Targeting Jews in the Ivory Sewer A safe space for Jew-hatred. Kenneth Levin
http://www.frontpagemag.com/fpm/262511/targeting-jews-ivory-sewer-kenneth-levin
Reports of anti-Semitic acts on American campuses suggest that the nation’s universities and colleges are likely today the chief institutional repository of anti-Semitism in the United States.
As one recent study notes: “A survey of U.S. Jewish college students by Trinity College and the Louis D. Brandeis Center for Human Rights Under Law revealed that 54% of surveyed students reported experiencing or witnessing instances of anti-Semitism on campus during the first six months of the 2013-2014 academic year. Another survey by Brandeis University in the spring of 2015 found that three-quarters of North American Jewish college student respondents had been exposed to anti-Semitic rhetoric…”

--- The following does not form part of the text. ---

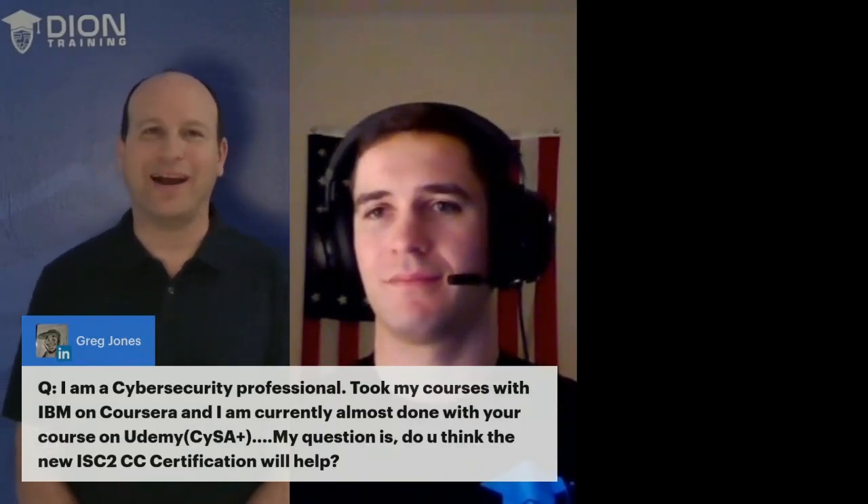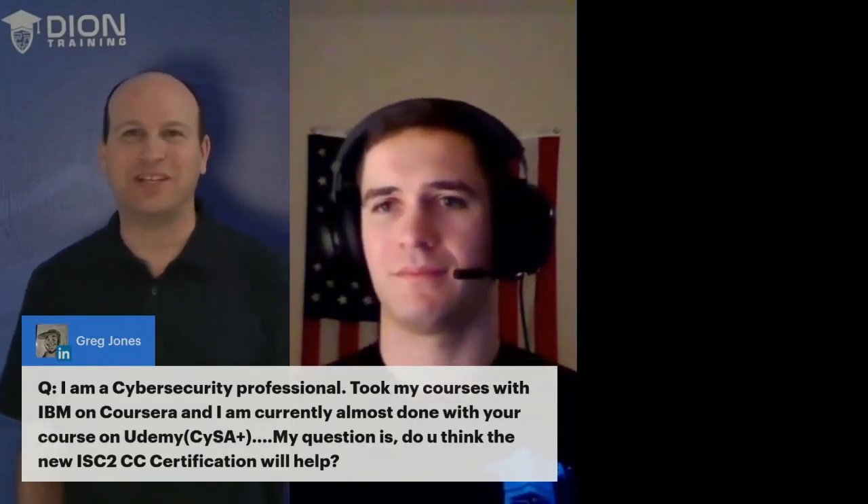Greg said they're a cybersecurity professional. They took their courses with IBM at Coursera, and they're almost done with the CySA course on Udemy. They asked what I think about IC2's CC certification and if it will help. Based on where you are in your career, it sounds like you're already in cybersecurity, so I don't think CC is going to do much for you.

The same study also notes that, in addition to encountering anti-Semitic rhetoric, Jewish students have been the targets of “physical assault, harassment, destruction of property, discrimination and suppression of speech.” The Brandeis University survey found that “one-third of students… reported having been harassed because they were Jewish.”
The study citing these data was conducted by the AMCHA Initiative, and AMCHA Initiative’s own findings appear in the organization’s “Report on Anti-Semitic Activity in 2015 at U.S. Colleges and Universities With the Largest Jewish Undergraduate Populations.” The AMCHA Initiative report looks more particularly at the strong correlation between the presence of anti-Israel groups such as Students for Justice in Palestine (SJP) on campuses, as well as anti-Israel activity such as that of the Boycott, Divestment and Sanctions (BDS) movement, and campus anti-Semitism.

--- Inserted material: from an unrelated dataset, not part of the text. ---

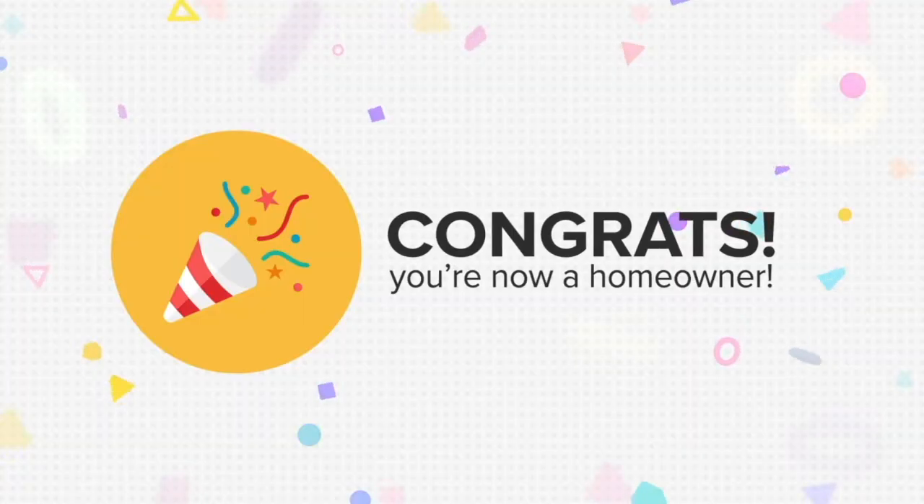Congratulations — you're going to close on your new home and become a homeowner. This is the most exhilarating day of the process because you will actually get the keys in your hand once everything is completed. Congratulations, you're a homeowner!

The correlation is hardly surprising, since much of SJP’s activities on campus – including the agenda of SJP guest speakers at events underwritten by colleges and universities – consists of demonizing Israel, denying Jewish history and Jews’ right to national self-determination, and advocating for anti-Israel entities such as HAMAS, which explicitly calls not only for the annihilation of Israel but for the murder of all Jews. The BDS movement likewise seeks to delegitimize and undermine Israel’s existence and grossly distorts the history of the Palestinian-Israeli conflict, and leading BDS supporters have acknowledged that the movement’s ultimate goal is the dissolution of the Jewish state.
Nor is that goal particularly hidden, nor for that matter in need of being hidden, in much of American academia. Indeed, in March, 2012, Harvard University hosted a “One State Conference” at the Kennedy School where speaker after speaker called for dismantling Israel and attacked those promoting its continued existence. According to the Harvard Crimson, the conference was organized by campus groups Justice for Palestine, the Palestine Solidarity Committee, the Palestine Caucus, the Arab Caucus, the Progressive Caucus and the Alliance for Justice in the Middle East.
Why are colleges and universities tolerating an epidemic of anti-Semitic acts on their campuses, and the activities of groups that directly or indirectly promote such acts? At a time when there is so much campus sensitivity about so-called micro-aggressions and the need to render campuses safe spaces for those students who feel victimized, when even seemingly innocuous statements or actions by fellow students or faculty members can lead to punitive measures against them should someone respond by feeling aggrieved, why are the macro-aggressions against Jews on campus allowed to continue with little consequence for the perpetrators?
In fact anti-Jewish aggression is more than tolerated. Faculty members commonly use the classroom to join in the demonization of Israel and its supporters, and do so as well in visiting lectures on other campuses and in other venues. Just as the AMCHA Initiative study found a correlation between the level of BDS activity on a campus and the level of campus anti-Semitism, so too did the study find “a strong correlation between the presence and number of faculty who have expressed public support for an academic boycott of Israel and occurrence of overall anti-Semitism, as well as strong associations with each kind of anti-Semitic activity independently.” The BDS movement’s goal – however often disingenuously cloaked in claims of high-minded and benign intent – is Israel’s dissolution. The movement’s delegitimization of Jewish national self-determination and its demonization of those who support Israel is conveyed by its faculty proponents no less than by its student devotees, and so it should again come as no surprise that the former stoke campus hostility towards Jews just as the latter do.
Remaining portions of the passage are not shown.